[[ Given records, beginning ]]

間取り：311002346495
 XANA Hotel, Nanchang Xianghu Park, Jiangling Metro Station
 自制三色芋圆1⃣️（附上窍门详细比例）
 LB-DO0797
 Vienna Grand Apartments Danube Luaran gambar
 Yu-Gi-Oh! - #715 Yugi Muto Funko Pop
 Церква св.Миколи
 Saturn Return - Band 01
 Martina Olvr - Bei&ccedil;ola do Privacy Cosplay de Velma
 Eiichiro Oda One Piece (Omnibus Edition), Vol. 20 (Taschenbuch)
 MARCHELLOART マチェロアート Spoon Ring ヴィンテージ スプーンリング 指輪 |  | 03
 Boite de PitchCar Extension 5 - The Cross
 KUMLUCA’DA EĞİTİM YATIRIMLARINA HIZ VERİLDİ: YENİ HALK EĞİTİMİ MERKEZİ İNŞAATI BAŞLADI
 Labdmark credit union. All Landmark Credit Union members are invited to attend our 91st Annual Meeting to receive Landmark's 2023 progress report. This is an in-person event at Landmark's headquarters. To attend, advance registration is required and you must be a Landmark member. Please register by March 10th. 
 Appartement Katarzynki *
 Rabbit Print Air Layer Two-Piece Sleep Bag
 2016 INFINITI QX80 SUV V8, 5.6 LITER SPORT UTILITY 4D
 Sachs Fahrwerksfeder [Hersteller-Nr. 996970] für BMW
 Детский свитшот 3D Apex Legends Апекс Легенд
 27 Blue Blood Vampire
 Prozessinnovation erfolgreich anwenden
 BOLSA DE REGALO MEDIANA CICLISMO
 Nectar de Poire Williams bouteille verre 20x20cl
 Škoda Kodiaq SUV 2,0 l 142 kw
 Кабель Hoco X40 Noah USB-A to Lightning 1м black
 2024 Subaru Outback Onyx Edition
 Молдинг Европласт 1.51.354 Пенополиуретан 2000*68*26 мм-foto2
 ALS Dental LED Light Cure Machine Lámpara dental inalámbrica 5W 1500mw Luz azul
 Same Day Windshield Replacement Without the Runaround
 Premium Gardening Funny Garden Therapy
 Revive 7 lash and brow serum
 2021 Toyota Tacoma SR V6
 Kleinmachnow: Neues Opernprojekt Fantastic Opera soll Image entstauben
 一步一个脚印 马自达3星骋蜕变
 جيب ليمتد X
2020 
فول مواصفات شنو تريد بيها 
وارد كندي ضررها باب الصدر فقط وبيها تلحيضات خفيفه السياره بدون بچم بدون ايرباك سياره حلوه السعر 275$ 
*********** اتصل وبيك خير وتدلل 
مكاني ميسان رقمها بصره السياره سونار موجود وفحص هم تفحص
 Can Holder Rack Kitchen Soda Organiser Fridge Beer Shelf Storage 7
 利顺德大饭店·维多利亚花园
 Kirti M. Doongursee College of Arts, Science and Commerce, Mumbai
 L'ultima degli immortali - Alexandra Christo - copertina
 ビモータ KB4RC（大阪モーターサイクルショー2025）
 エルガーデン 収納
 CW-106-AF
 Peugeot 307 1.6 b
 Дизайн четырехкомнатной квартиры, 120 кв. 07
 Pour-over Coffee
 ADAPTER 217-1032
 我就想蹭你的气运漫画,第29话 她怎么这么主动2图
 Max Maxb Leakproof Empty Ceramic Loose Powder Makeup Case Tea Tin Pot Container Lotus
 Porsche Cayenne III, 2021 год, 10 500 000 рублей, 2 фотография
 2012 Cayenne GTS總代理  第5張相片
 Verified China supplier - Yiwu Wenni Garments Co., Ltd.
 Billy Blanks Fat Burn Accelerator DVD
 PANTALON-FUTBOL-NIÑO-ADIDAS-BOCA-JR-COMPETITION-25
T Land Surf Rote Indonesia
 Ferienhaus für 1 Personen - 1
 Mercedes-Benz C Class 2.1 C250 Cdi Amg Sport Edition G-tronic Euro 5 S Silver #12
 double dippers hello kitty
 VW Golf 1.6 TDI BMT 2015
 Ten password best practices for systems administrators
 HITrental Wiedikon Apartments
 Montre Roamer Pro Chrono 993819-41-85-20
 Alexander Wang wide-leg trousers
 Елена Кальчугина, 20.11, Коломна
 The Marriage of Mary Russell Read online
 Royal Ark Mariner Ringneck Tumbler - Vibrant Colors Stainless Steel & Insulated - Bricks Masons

[[ Given records, end ]]

Task instructions => Your response must consist of every line above, reproduced exactly.

Task result =>
間取り：311002346495
 XANA Hotel, Nanchang Xianghu Park, Jiangling Metro Station
 自制三色芋圆1⃣️（附上窍门详细比例）
 LB-DO0797
 Vienna Grand Apartments Danube Luaran gambar
 Yu-Gi-Oh! - #715 Yugi Muto Funko Pop
 Церква св.Миколи
 Saturn Return - Band 01
 Martina Olvr - Bei&ccedil;ola do Privacy Cosplay de Velma
 Eiichiro Oda One Piece (Omnibus Edition), Vol. 20 (Taschenbuch)
 MARCHELLOART マチェロアート Spoon Ring ヴィンテージ スプーンリング 指輪 |  | 03
 Boite de PitchCar Extension 5 - The Cross
 KUMLUCA’DA EĞİTİM YATIRIMLARINA HIZ VERİLDİ: YENİ HALK EĞİTİMİ MERKEZİ İNŞAATI BAŞLADI
 Labdmark credit union. All Landmark Credit Union members are invited to attend our 91st Annual Meeting to receive Landmark's 2023 progress report. This is an in-person event at Landmark's headquarters. To attend, advance registration is required and you must be a Landmark member. Please register by March 10th. 
 Appartement Katarzynki *
 Rabbit Print Air Layer Two-Piece Sleep Bag
 2016 INFINITI QX80 SUV V8, 5.6 LITER SPORT UTILITY 4D
 Sachs Fahrwerksfeder [Hersteller-Nr. 996970] für BMW
 Детский свитшот 3D Apex Legends Апекс Легенд
 27 Blue Blood Vampire
 Prozessinnovation erfolgreich anwenden
 BOLSA DE REGALO MEDIANA CICLISMO
 Nectar de Poire Williams bouteille verre 20x20cl
 Škoda Kodiaq SUV 2,0 l 142 kw
 Кабель Hoco X40 Noah USB-A to Lightning 1м black
 2024 Subaru Outback Onyx Edition
 Молдинг Европласт 1.51.354 Пенополиуретан 2000*68*26 мм-foto2
 ALS Dental LED Light Cure Machine Lámpara dental inalámbrica 5W 1500mw Luz azul
 Same Day Windshield Replacement Without the Runaround
 Premium Gardening Funny Garden Therapy
 Revive 7 lash and brow serum
 2021 Toyota Tacoma SR V6
 Kleinmachnow: Neues Opernprojekt Fantastic Opera soll Image entstauben
 一步一个脚印 马自达3星骋蜕变
 جيب ليمتد X
2020 
فول مواصفات شنو تريد بيها 
وارد كندي ضررها باب الصدر فقط وبيها تلحيضات خفيفه السياره بدون بچم بدون ايرباك سياره حلوه السعر 275$ 
*********** اتصل وبيك خير وتدلل 
مكاني ميسان رقمها بصره السياره سونار موجود وفحص هم تفحص
 Can Holder Rack Kitchen Soda Organiser Fridge Beer Shelf Storage 7
 利顺德大饭店·维多利亚花园
 Kirti M. Doongursee College of Arts, Science and Commerce, Mumbai
 L'ultima degli immortali - Alexandra Christo - copertina
 ビモータ KB4RC（大阪モーターサイクルショー2025）
 エルガーデン 収納
 CW-106-AF
 Peugeot 307 1.6 b
 Дизайн четырехкомнатной квартиры, 120 кв. 07
 Pour-over Coffee
 ADAPTER 217-1032
 我就想蹭你的气运漫画,第29话 她怎么这么主动2图
 Max Maxb Leakproof Empty Ceramic Loose Powder Makeup Case Tea Tin Pot Container Lotus
 Porsche Cayenne III, 2021 год, 10 500 000 рублей, 2 фотография
 2012 Cayenne GTS總代理  第5張相片
 Verified China supplier - Yiwu Wenni Garments Co., Ltd.
 Billy Blanks Fat Burn Accelerator DVD
 PANTALON-FUTBOL-NIÑO-ADIDAS-BOCA-JR-COMPETITION-25
T Land Surf Rote Indonesia
 Ferienhaus für 1 Personen - 1
 Mercedes-Benz C Class 2.1 C250 Cdi Amg Sport Edition G-tronic Euro 5 S Silver #12
 double dippers hello kitty
 VW Golf 1.6 TDI BMT 2015
 Ten password best practices for systems administrators
 HITrental Wiedikon Apartments
 Montre Roamer Pro Chrono 993819-41-85-20
 Alexander Wang wide-leg trousers
 Елена Кальчугина, 20.11, Коломна
 The Marriage of Mary Russell Read online
 Royal Ark Mariner Ringneck Tumbler - Vibrant Colors Stainless Steel & Insulated - Bricks Masons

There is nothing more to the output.